Brooks founded this gallery in 2017 with the aim of furthering the artistic conversation amongst artists and art-lovers in Louisville. Named after the affectionate nickname of painter Max Beckmann’s second wife Quappi (a derivation of Kaulquappe, German for “tadpole”), Quappi Projects hosted numerous exhibitions at Lytle Street before moving during the summer of 2019 to its current space on Market Street. Brooks now operates Quappi Projects out of Market Street and continues his studio practice on Lytle. There, tucked within the bright, white-walled space of the former Quappi Projects, one finds a curtain. And behind that curtain is Brooks’s studio: an enclave for his paintings, collages, easels, and gathered sources of inspiration.

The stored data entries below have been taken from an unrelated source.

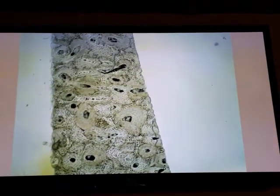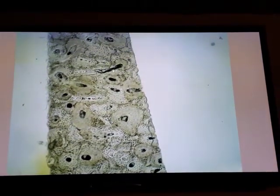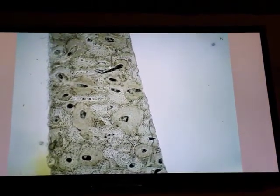This is the Volkmann's canal, which connects between two Haversian canals. It runs transverse or oblique. Both canals are surrounded by laminae, but Volkmann's canals do not have concentric laminae, unlike the Haversian canals.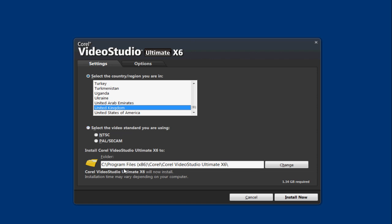You can then choose where you want it to be installed to. So the default is C drive and program files and then into the video studio ultimate x6 folder. So I'm going to leave that as it is and press install now.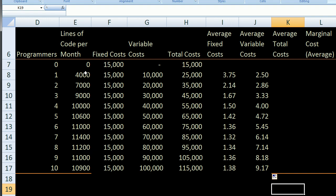When you add a third programmer, you're only adding 2,000 lines of code. This is a real phenomenon that happens in companies. The more people you add to a project, there's more coordination, more meetings, more interruptions, and each person's individual productivity goes down. This isn't to say the third coder is worse than the first — it's that on average, all three now produce only 3,000 lines a month each when individually they might each produce 4,000. They have to spend energy coordinating. That's why average variable cost per line of code goes up — as we add more people, it becomes incrementally more expensive to write each line of code.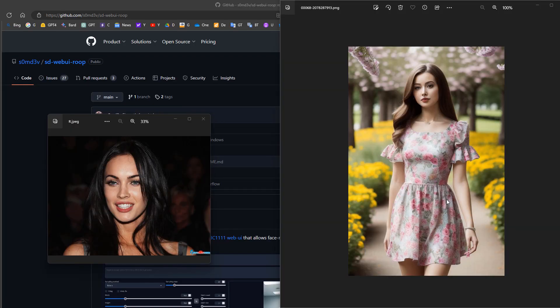This video is about face swapping using Automatic1111 and Roop. For example, if we have a face of a woman like Megan Fox and we want to put her face instead of another woman's face, this can be done using Automatic1111 and Roop.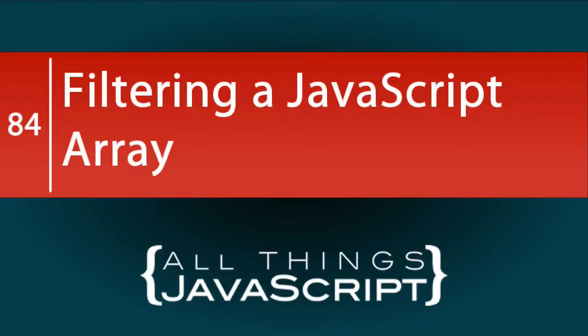If you need to filter elements in an array, you should be using the filter method. There's no need to iterate over the array with a loop in order to check each element. In this tutorial, we will dive into the array filter method.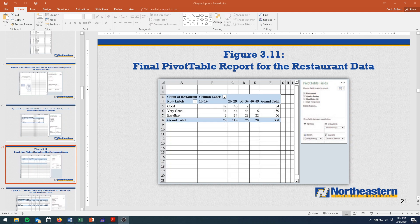Hello. This video will provide a demonstration for how to create the pivot table you see on your screen in front of you.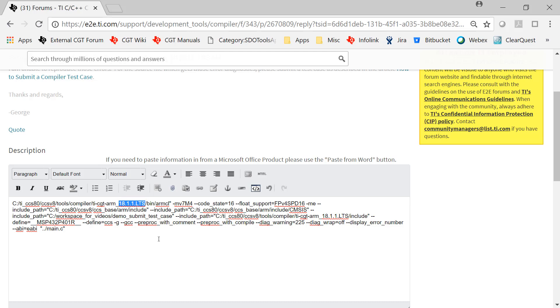That's it. Thank you for watching this video on how to submit a compiler test case. My name is George Mock, and I was your guide.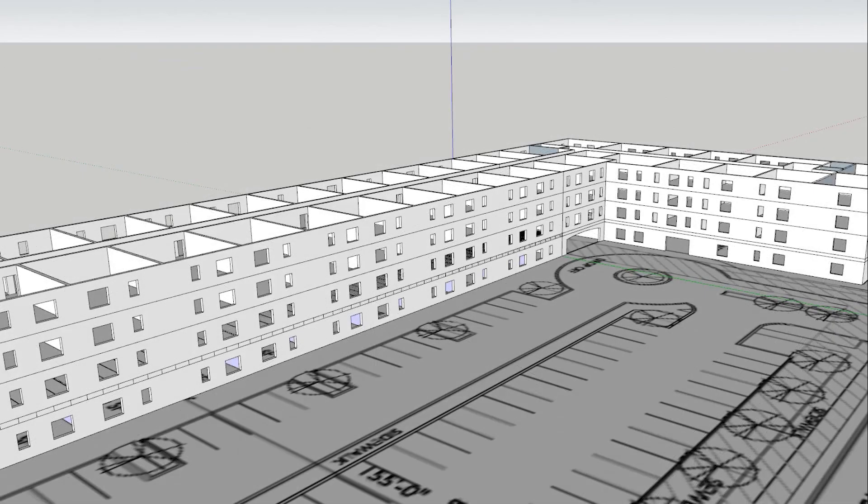The same process could then be repeated for each additional floor, eliminating another 52 T-walls, plus 35 more on floors 2 through 4, in the extended building shown here.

As an artist Brooks is at home with the unknown, the ambiguous, the subtle, and the fleeting. His education had various chapters, from studying politics at the University at Charleston, to studying art at the Central St. Martins College of Art & Design and the Hampstead School of Art while living in London, England. The most lasting conceptual impact, however, came from his time spent visiting Berlin over the years and a summer spent studying under the figurative painter Norbert Bisky in 2015 at Berlin’s AUTOCENTER Summer Academy. Brooks’s admiration for Germanic artistic influences and Germany’s sensitivity to its own dark history finds its way into many aspects of his practice. He often returns to the Max Beckmann quote: “All important things in art have always originated from the deepest feeling about the mystery of Being.” He explains, “I came across that quote some years ago and it stuck with me because that is how I look at the world. We understand a lot, but there is also so much that we don’t understand. Or can’t comprehend…I aim to imbue my work with that sense of unknowing. My creative impulses come from that place, and from a place of longing or missing. There’s a great German word for this feeling: Sehnsucht.”
Brooks’s promotion of expansive thinking connects to his work in curation (as the director of Quappi Projects he steers the gallery’s exhibition program), and to his interest in poetry. He describes himself as “a person who writes constantly in my head as I move throughout the day.” Though it felt natural for him to eventually connect his painting to his poetry practice, the result was nonetheless transformative. The titles for his most recent body of paintings are all drawn from his poetry. His series of work, “A Map of Scents,” on view at Moremen Gallery during the summer of 2019, employs this strategy of poetically titling his pictures, as well as a fresh aesthetic that Brooks explains came from integrating his process of collage-making into his painting. Brooks previously felt he could create more freely in the medium of collage, without the historical weight of painting upon him. He had a breakthrough moment when he realized he could combine his collage and painting techniques: “After nearly a decade of almost exclusively creating expressive faces, my painting practice had reached a standstill. I did not see a way forward until it occurred to me to utilize my collages—during the making of which I do not suffer from compositional frustrations—to help facilitate composition in my painting. Through this change in method and approach I feel unbounded.”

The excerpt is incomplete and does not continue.